Question

What is min. velocity $v$ must be imparted to particle such that par string remain taut?

• A. $\sqrt{gl}$
• B. $\sqrt{2gl}$
• C. $\sqrt{3gl}$
• D. $\sqrt{5gl}$

Answer 1

Answer: (B)

$\sqrt{2gl}$

Answer 2

For the string to remain taut, the tension ($T$) in the string must always be greater than or equal to zero. Let $v'$ be the speed of the particle at an angle $\theta$ with the vertical. The forces acting on the particle are the tension $T$ along the string (towards the pivot) and gravity $mg$ downwards.

Applying Newton's second law along the radial direction: $T - mg\cos\theta = m \frac{v'^2}{l}$ $T = mg\cos\theta + m \frac{v'^2}{l}$

For the string to remain taut, $T \ge 0$.

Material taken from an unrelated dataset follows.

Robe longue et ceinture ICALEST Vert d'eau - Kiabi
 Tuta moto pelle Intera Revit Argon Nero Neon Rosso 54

If the particle is imparted an initial velocity $v$ at the lowest point ($\theta = 0$), its speed $v'$ at an angle $\theta$ can be found using conservation of energy: $\frac{1}{2}mv^2 = \frac{1}{2}mv'^2 + mgl(1-\cos\theta)$ $v'^2 = v^2 - 2gl(1-\cos\theta)$

Slackening occurs if $T \le 0$. This condition is most critical when the pendulum swings beyond the horizontal level ($\theta > 90^\circ$), where $\cos\theta < 0$.

The minimum velocity required at the lowest point to prevent the string from going slack is the velocity that allows the pendulum to reach at least the horizontal level ($\theta = 90^\circ$) without the tension becoming zero.

At $\theta = 90^\circ$, the tension equation becomes: $T = mg\cos(90^\circ) + m \frac{v'^2}{l} = m \frac{v'^2}{l}$ For the string to be taut, $T \ge 0$, which means $v' \ge 0$.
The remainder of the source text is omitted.